Up to now, various fabrication methods of TI SA have been reported including of the molecular beam epitaxy (MBE) method, the mechanical exfoliated method and the liquid-phase exfoliation method, the bulk-structured TI method [39–48]. Usually, the MBE method is limited by the expensive equipment, and the growth is usually on bulk substrate. The mechanical exfoliation method has a low repeatability. The liquid-phase exfoliation method can fabricate nanostructured TIs. But in the actual application, the nanostructured TIs should be hosted on the fiber ferrule or doped into thin polyvinyl acetate (PVA) film, then sandwiched between two fiber connectors in laser system. However, this type of SA device usually has short interaction length and low power tolerance. Another approach is to deposit the nanostructured TI on side surface of microfiber, however, this reported SA device still suffers from a large insertion loss (IL: ~5.23 dB) and high nonsaturable loss (~69.9%) [49]. For the bulk-structured TI method, the TI should be polished smooth, then attached on the side-polishing fiber (SPF). In addition, the index match oil is needed to induce the evanescent wave interaction with TI layer. Hence, the bulk-structured TI/SPF device is not suitable for package in the compact laser system.
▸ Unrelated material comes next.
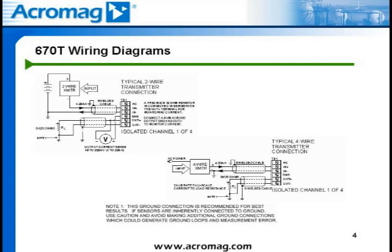The 670T also has an SMS or sense terminal. This is not a terminal to tie in the shield from a twisted shielded pair cable. A voltage meter can be connected to this sense terminal and the output-plus terminal of the 670T module. Internal to the 670T isolator is a 10-ohm precision resistor that will convert the 4 to 20 milliamp DC output signal to a 40 to 200 millivolt signal. By placing the voltage meter on these two terminals, the 40 to 200 millivolt signal — identical to the 4 to 20 milliamp DC signal — can be monitored without disturbing the output loop.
As we know, pulsed laser deposition (PLD) is a mature thin film deposition technique, and suitable for mass production. By changing the deposition parameters, including laser pulse energy, temperature and depositing time [64], the film thickness can be controlled. On the other hand, microfiber has a simple fabrication process based on the mature fused-taper method compared with SPF. If coating the TI film on side surface of microfiber via PLD method, it can be predicted that the SA device would have the following inherent merits compared with the common sandwiched method: 1) Effective, this type of SA device has longer interaction length and higher power tolerance, which are the inherent properties of SA devices based on the evanescent wave interaction. 2) More Robust, the PLD film is not easily disaffiliated because the film is totally growth on the side surface of microfiber. If further packaged by heatshrink tube, the film can be fully protected. 3) Suitable for mass production, the fabrication process is simple and suitable for mass production based on the mature fused-taper method and PLD method. However, according to our knowledge, no research has been carried out for fabricating SA (including the graphene and TI) on microfiber by PLD method.
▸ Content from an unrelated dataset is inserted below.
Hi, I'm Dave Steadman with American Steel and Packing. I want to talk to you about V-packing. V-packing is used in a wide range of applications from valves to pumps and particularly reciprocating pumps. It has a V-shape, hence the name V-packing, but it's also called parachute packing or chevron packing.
High repetition rate pulse fiber lasers have applications in optical communication, astronomical frequency combs, and laser spectroscopy. Passively harmonic mode-locking (HML) is regarded as a very simple way to multiply the repetition rate up to GHz regime without reducing the laser cavity length. According to the soliton area theorem [50], the peak power-limiting effect causes the multiple pulsing [51–56] of quantized soliton per round trip as the pump power increases. So far, the reported highest repletion rate of passive HML fiber laser was 22.2 GHz based on nonlinear polarization rotation (NPR), but the laser had a low pump conversion efficiency and a <30 dB supermode suppression ratio (SMSR) [57, 58]. In real SAs, till now the reported HML based on CNT and graphene were 4.915 GHz and 2.22 GHz, respectively [59–63]. However for HML based on TIs, the maximum repetition rated was 2.04 GHz with pulse duration in few-picosecond regime, and output power at a level of ~5 mW. For a brief comparison, the detailed values of their performances were also summarized in Table 1.
Table 1. Passive HML EDFL performance of this work with others. * Not available.
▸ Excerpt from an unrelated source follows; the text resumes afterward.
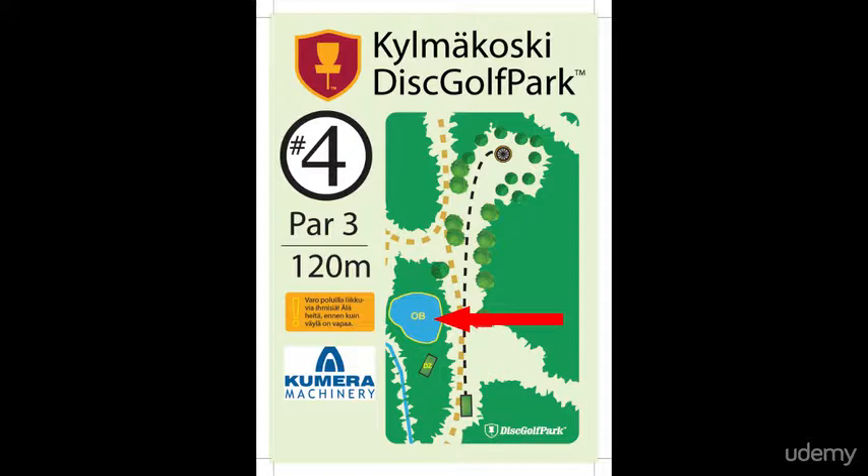Then you continue your game from where the disc crossed over to the out of bounds area, or from a drop zone if there is one.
In this paper, a kind of microfiber-based TI SA was firstly reported based on the PLD method. It was found that this SA had interesting nonlinear saturable property owing to the strong nonlinear effect induced by microfiber and TI film. Upon employing on this SA, we achieved stable fundamental mode-locking (FML) at central wavelength of 1562.4 nm with pulse duration as short as 320 fs. By adjustment the intracavity polarization state at the maximum pump power, we also obtained stable HML with repetition rate up to 2.95 GHz and output powers beyond 45 mW. Our results revealed that the microfiber-based TI film SA is a promising device for practical multi-GHz ultrashort pulses generation.
2. Fabriation and characterization of microfiber-based Bi2Te3 film SA
The fabrication process could be divided into two steps: fused-tapering and PLD coating. In step 1, the SMF-28 fiber was tapered to microfiber. The tapered waist of microfiber, marked by the arrow in Fig. 1(a), had a length of 0.6 mm and a diameter of ~54 μm. In step 2, the high energy Nd:YAG laser (SL II-10, Surelite) was operated with 2 mJ/pulse (2 W average power, and 10 Hz repetition rate). The laser beam was focused on the Bi2Te3 target inside a vacuum chamber with vacuum degree of 5 × 10−4 pa. The inspired plasma plume was deposited on microfiber within 90 minutes. To avoid pollution from the plastic polymers of fiber, the deposition temperature was fixed at room temperature. Figure 1(b) was the leaky field observed in splicer (Fujicura, FSM-60S) by injection of supercontinuum light (Ylsphotonics, SC-5-CFS), where the Y view was the face toward plasma plume while the X view was the sheltered face. It evidenced that the light could really penetrate into the TI film, which in turn gave a modulation on light along the TI-film-coated taper region. Additionally, it demonstrated that the filmy thickness was not a constant. Figure 1(c) showed this thin layer of TI film measured by scanning electron microscope (SEM), which stacked tightly on side surface of microfiber with an inherent robust feature. The thickest location was ~670 nm. Figure 1(d) was one part of the enlarged regions of TI film, as marked in Fig. 1(c). It can be seen that the filmy surface had an appearance like tiny crystal grains, which stacked compactly with irregular size. The X-ray diffraction (XRD) pattern of Bi2Te3 film, as shown in Fig. 1(e), exhibited high [006, 0015] orientations and some common characteristic peaks with the bulk Bi2Te3. Unlike the SPF/TI SA, our microfiber-based TI-film SA can be packaged by heatshrink tube to form a practical SA device, as shown in the inset. The insertion loss (IL) of this SA device was measured ~1.23 dB@1550nm.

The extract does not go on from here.